Guernsey: Taxation of Benefits-in-Kind – Proposals to tax benefits through ETIMonday, July 28th, 2008
In a newly published States Report, the Treasury and Resources Department proposes
- to change income tax law to require the taxation of benefits-in-kind through the Employees’ Tax Instalment (ETI) Scheme from 1 January 2009, and
- to change income tax and social security law to provide for the exchange of information between the respective departments in order to ensure more efficient assessment and collection of income tax and social security contributions.
Under the ETI Scheme an employer is required to deduct tax from an employee’s emoluments but the present legislation only applies the provisions of the ETI Scheme where “any payment of, or on account of, emoluments is made by an employer”. Although some benefits, such as private expenses paid by the employer, are covered by the ETI Scheme, the majority of benefits are detailed on the Benefit in Kind Return at the end of the tax year.
Employers are already able to tax benefits through ETI but, if they do so, they must still be reported at the year end and the Return must be clearly indicate that tax has already been deducted.

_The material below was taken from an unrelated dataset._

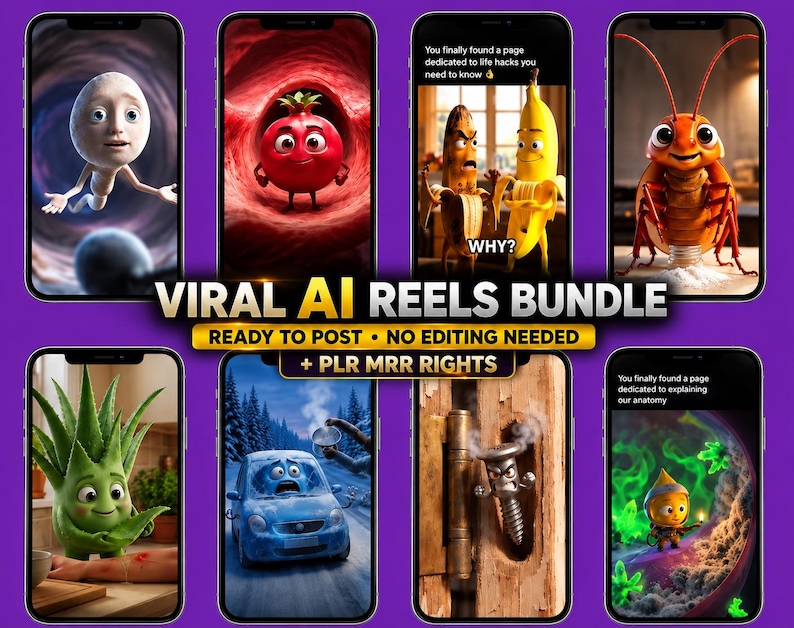 May include: A digital collection of eight smartphone screens displaying animated characters including a sperm cell, a pomegranate, bananas, a cockroach, an aloe vera plant, a frozen car, a screw, and a small explorer, with the text VIRAL AI REELS BUNDLE.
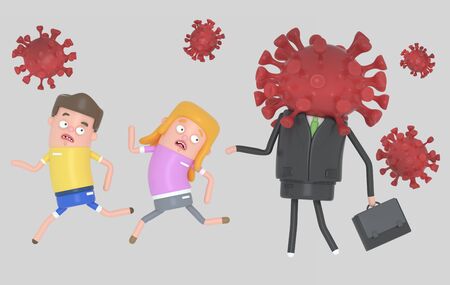 Scared children runs because this father is contagius by viruses. Covid19. Isolated. 3d illustration.の写真素材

The principal reason given in the Report for extending this procedure to all benefits-in-kind and collecting the tax on a weekly or monthly basis, with the quarterly return and remittance continuing as at present, is that it would serve to reduce the Income Tax Office’s resources considerably.
Income Tax Office statistics show that during the calendar year 2006 (the year for which the most reliable information is currently available):
- 331 Guernsey employers provided benefits-in-kind to employees (equivalent to approximately 1 in 11 employers)
- 1146 employees received benefits-in-kind
- The tax yield from benefits-in-kind was approximately £640,000.
The Social Security Department currently collects contributions on only limited benefits-in-kind but proposes that this should be extended to include similar benefits, and similar values, as used by the Income Tax Office. The Social Security Department reports that there appears to be a trend for employers increasingly to provide benefits-in-kind instead of cash-based emoluments, and that one of the reasons for this may be the avoidance of social security contributions.
The Social Security Department currently has no mechanism by which it can economically identify benefits-in-kind which are received by employees and charge contributions unless the benefits-in-kind are treated as part of the employee’s total emoluments for the purposes of the ETI Scheme, in which case social security contributions are automatically charged accordingly.
Historically, the Social Security Department has made the assumption that the majority of benefits-in-kind would be provided to better remunerated employees and, as those employees were probably already paying maximum, or near maximum, social security contributions, the resource cost of trying to collect social security contributions on benefits-in-kind would likely outweigh the potential gain.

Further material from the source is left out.